▸ **DATASET RECORDS**
-*-

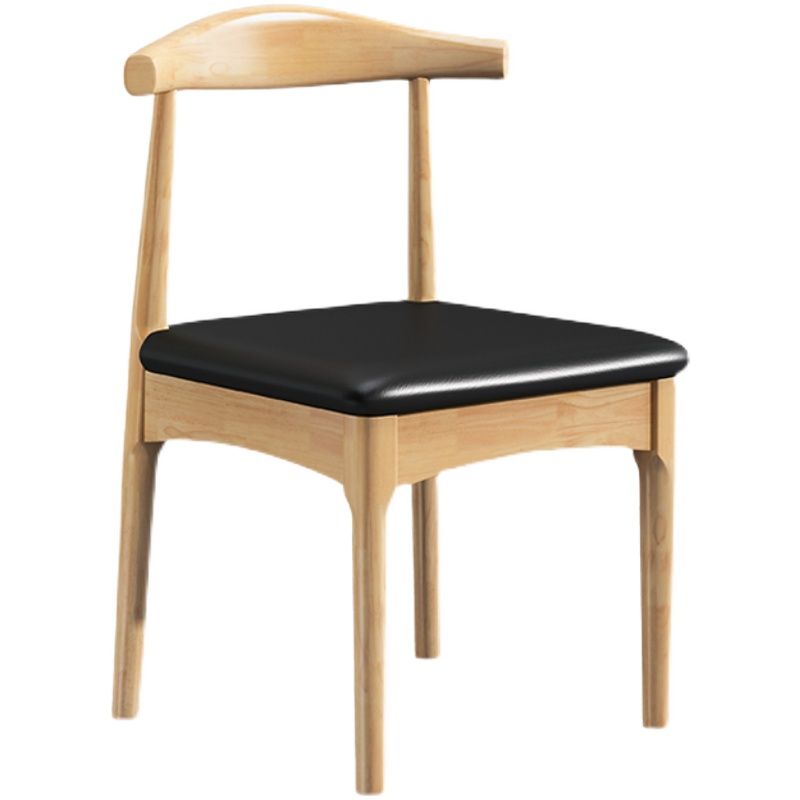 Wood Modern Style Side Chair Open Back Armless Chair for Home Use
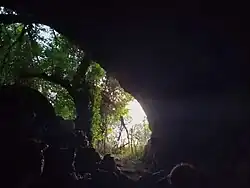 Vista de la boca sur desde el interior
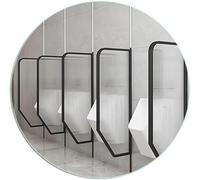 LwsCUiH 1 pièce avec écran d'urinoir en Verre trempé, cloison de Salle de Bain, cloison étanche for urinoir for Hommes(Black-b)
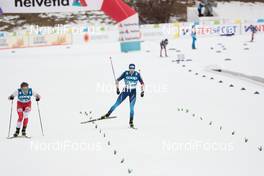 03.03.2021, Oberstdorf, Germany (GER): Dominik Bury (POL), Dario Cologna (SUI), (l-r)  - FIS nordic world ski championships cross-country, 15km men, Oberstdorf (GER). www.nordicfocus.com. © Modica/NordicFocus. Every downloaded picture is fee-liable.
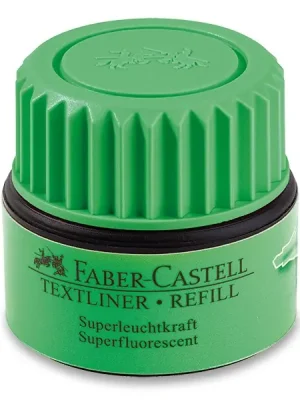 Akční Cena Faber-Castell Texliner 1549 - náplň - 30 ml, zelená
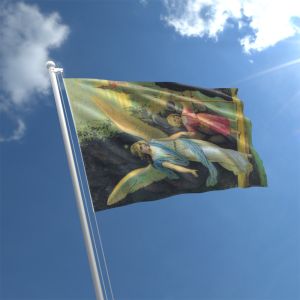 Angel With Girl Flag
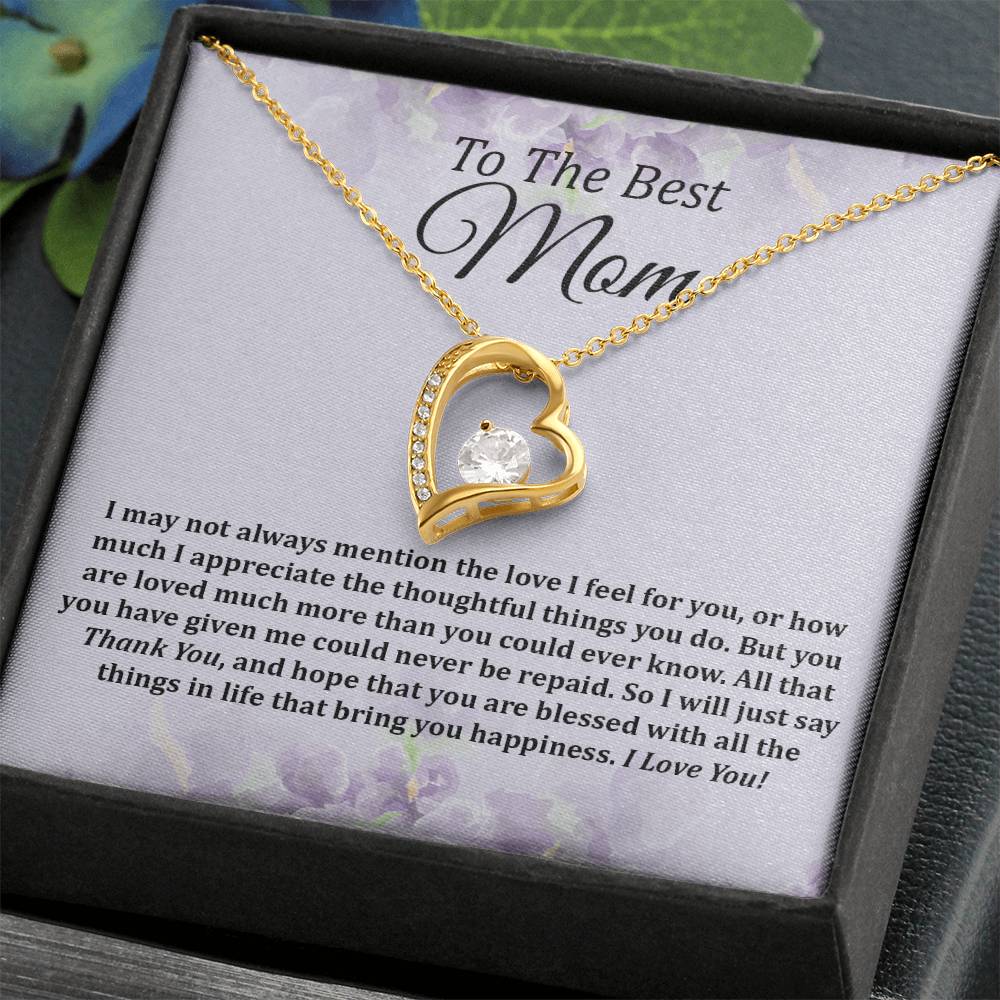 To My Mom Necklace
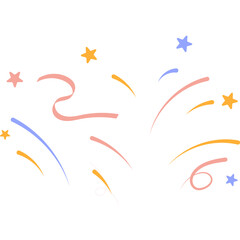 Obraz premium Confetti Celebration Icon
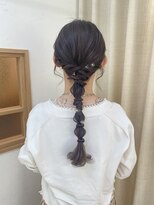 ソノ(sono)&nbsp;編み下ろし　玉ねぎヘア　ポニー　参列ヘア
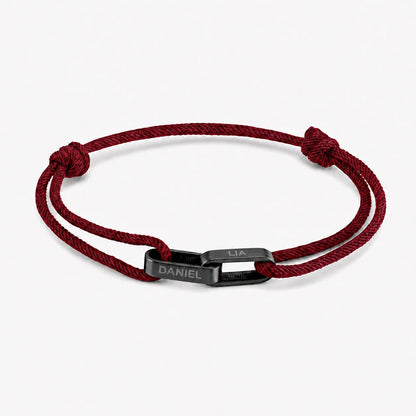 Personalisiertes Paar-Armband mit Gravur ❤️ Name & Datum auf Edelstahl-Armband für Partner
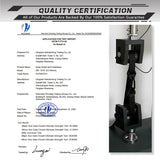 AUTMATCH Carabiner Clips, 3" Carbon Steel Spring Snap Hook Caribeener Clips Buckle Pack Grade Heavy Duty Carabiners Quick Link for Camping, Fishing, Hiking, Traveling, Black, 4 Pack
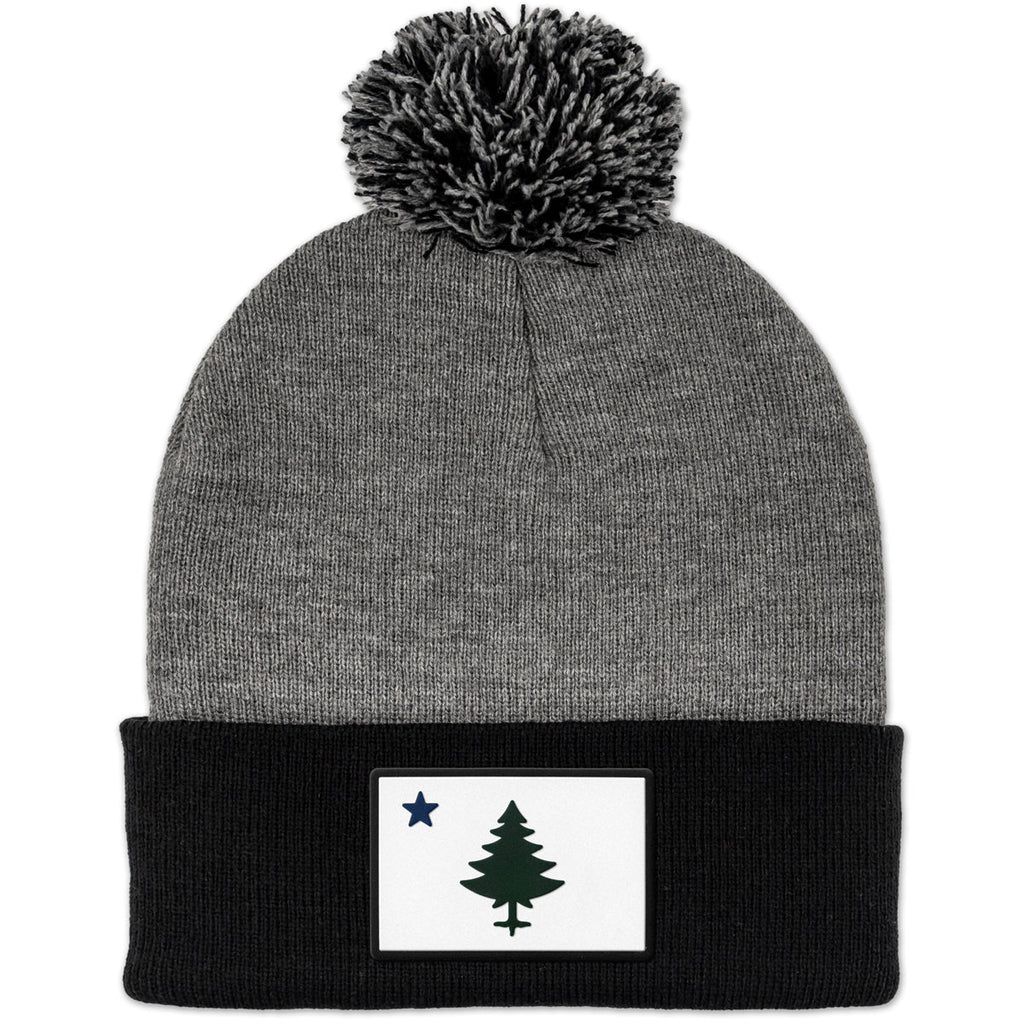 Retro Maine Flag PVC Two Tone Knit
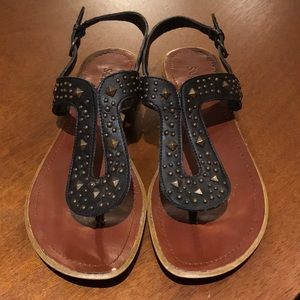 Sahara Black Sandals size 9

-*-

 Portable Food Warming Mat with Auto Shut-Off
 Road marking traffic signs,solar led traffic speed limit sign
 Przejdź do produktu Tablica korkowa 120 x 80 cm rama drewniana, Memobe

-*-

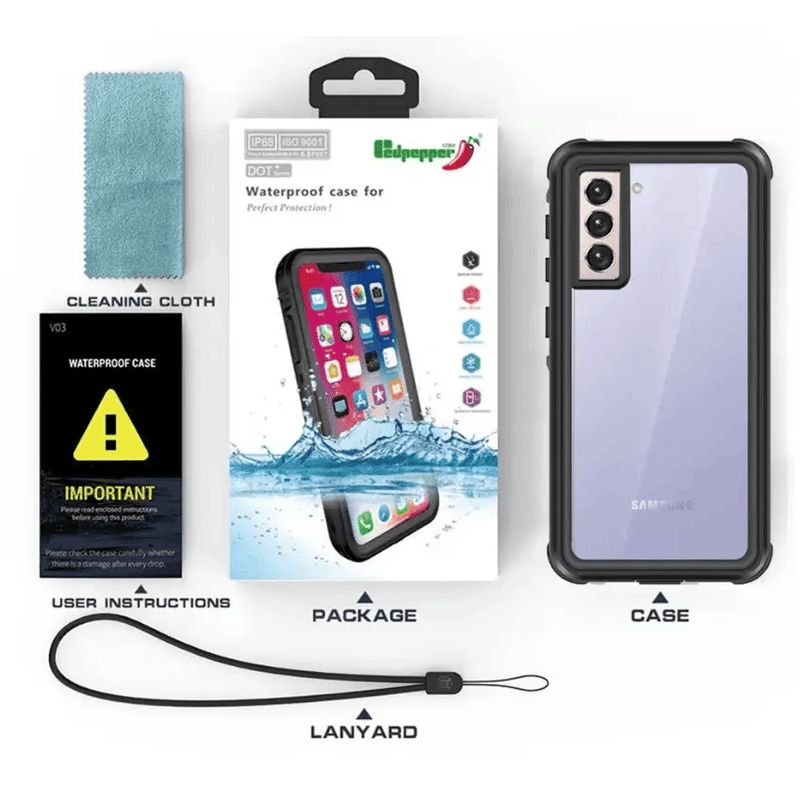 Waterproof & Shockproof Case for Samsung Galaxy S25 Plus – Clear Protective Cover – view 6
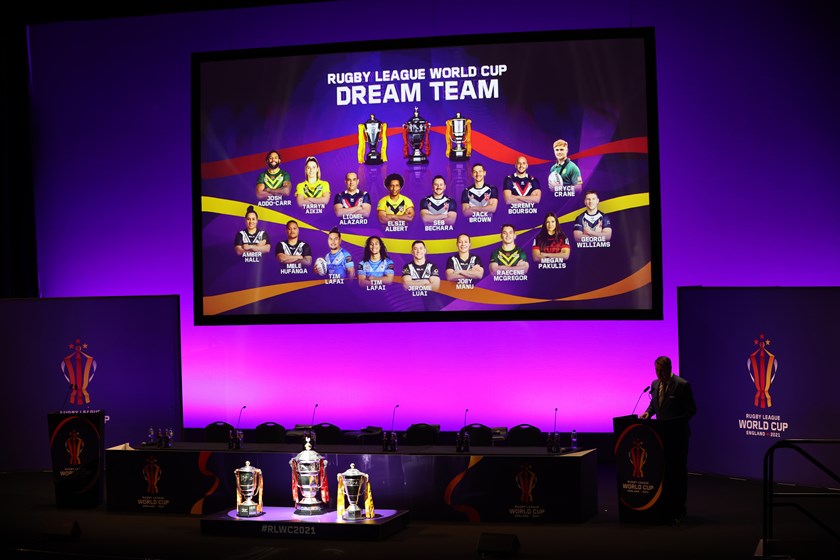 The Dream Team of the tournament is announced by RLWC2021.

-*-

▸ **AIM OF THE TASK**
Please give an exact copy of the lines above, beginning with the line containing "Road marking traffic" and running through the line containing "Przejdź do produktu", and of no other lines.

▸ **EXERCISE RESPONSE**
 Road marking traffic signs,solar led traffic speed limit sign
 Przejdź do produktu Tablica korkowa 120 x 80 cm rama drewniana, Memobe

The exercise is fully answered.